Fishing Report for New Mexico

Wondering how the fishing has been in New Mexico? A new fishing report for the week of July 16 has just been published.

Trout fishing has been good to fair on the Canjilon lakes. Anglers have been using worms, salmon eggs and spinners. Same is true for the Chama River, although trout anglers have also been using grasshoppers with success there.

Anglers at Eagle Nest lake have been catching good size rainbow trout from the bank using worms, power bait and spinners.

You can read for the full fishing report by clicking here.

Friday, July 17, 2009

Fishing Report for Southwest Colorado

Trout anglers are doing well in Southwest Colorado. Beaver Creek Reservoir is full and anglers are catching brown and rainbow trout on salmon eggs and powerbait.

Folks at Big Meadows Reservoir have been catching brook trout on flies, lures and other baits.

Read the full fishing report by clicking here.

Trout Fishing Good in Great Falls, Montana

According to fishing report released today, anglers are having great success trout fishing in Great Falls, Montana.

Anglers are catching brook trout on night crawlers and gold spoons. Folks trolling cowbells tipped with night crawlers are also have great success.

To read the full fishing report, click here.

Monday, July 13, 2009

What Lure Works Best for Trout Fishing?

One of the questions I get asked a lot is, "What lure works best for trout fishing?" Of course there are different variations of this question, such as "What lure works best in lakes?", etc.

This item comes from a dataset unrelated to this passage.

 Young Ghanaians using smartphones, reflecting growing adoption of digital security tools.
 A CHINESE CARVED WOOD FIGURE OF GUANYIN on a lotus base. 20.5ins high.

While the question is simple enough, the answer is not. There are too many different variables involved in fishing to say that one lure works best. In fact, one of the biggest frustrations in trout fishing is that one lure may work great one day and not all the next. Why? There are a lot of possible reasons for this.

Several variables affect trout fishing including:
  • Water temperature
  • Water clarity
  • Water color
  • Weather conditions (sunny, cloudy, windy, rain, ice, snow, etc.)
  • Season (spring, fall, winter, summer)
  • Available food sources
  • Pressure from other anglers
These are only a few of the variables which affect trout fishing. And of course, each of the variables mentioned above not only affect trout, but also your lure selection. The reason why is too complicated to explain in a blog post, but are addressed in the Trout Fishing Tips eBook.
But in short, the variables mentioned above affect how your lure looks underwater to trout. These variables also influence trout activity and feeding habits.

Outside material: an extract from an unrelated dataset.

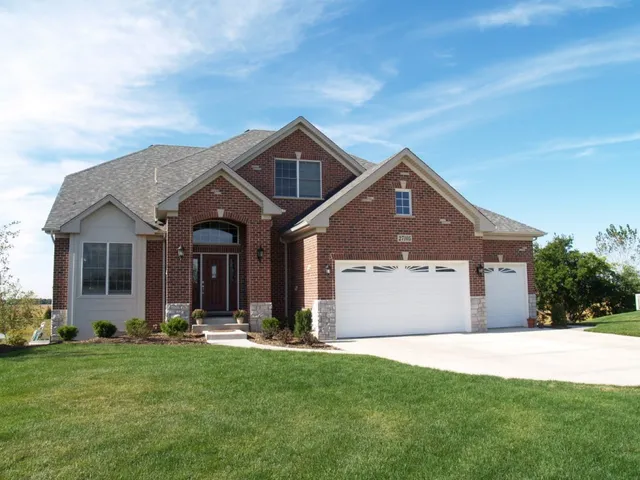 a front view of a house with a yard and garage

Trout are sluggish in very cold water and therefore might need a bit more flash to entice them into striking. And yet too much flash, might scare them off.

Water color and clarity can affect a trout's ability to see your lure. A bright red lure in your tackle box will appear black in blue water. That's because red is filtered out in blue water. The deeper the lure is fished, the blacker it will appear under water. This is just one example of how water color and clarity can affect how trout see your lure under water.

Advanced anglers have observed that dark colored lures tend to work well on overcast days, murky water and when fishing at night. Likewise, nickel and silver lures tend to work better on bright sunny days.

These are some of the reasons that a lure may work well one day and not the next. There's just too many variables involved in fishing.

The real key to successful trout fishing is to understand trout: their physical needs as well as how their environment affects them. This understanding will help you in turn better understand how different lures, baits, and fishing tactics affect your ability to catch trout.

Advanced anglers will pay attention to all of these factors and take note of what lure, bait or fishing tactic worked given a certain set of conditions. Often times, they will keep track of these details in a fishing log or fishing software program. After a while, they'll start to notice trends which will help them make better lure selections, etc.

So while there's no real answer to the question, "What lure works best for trout fishing?", hopefully the information above will help you understand some of the variables affecting your lure selection.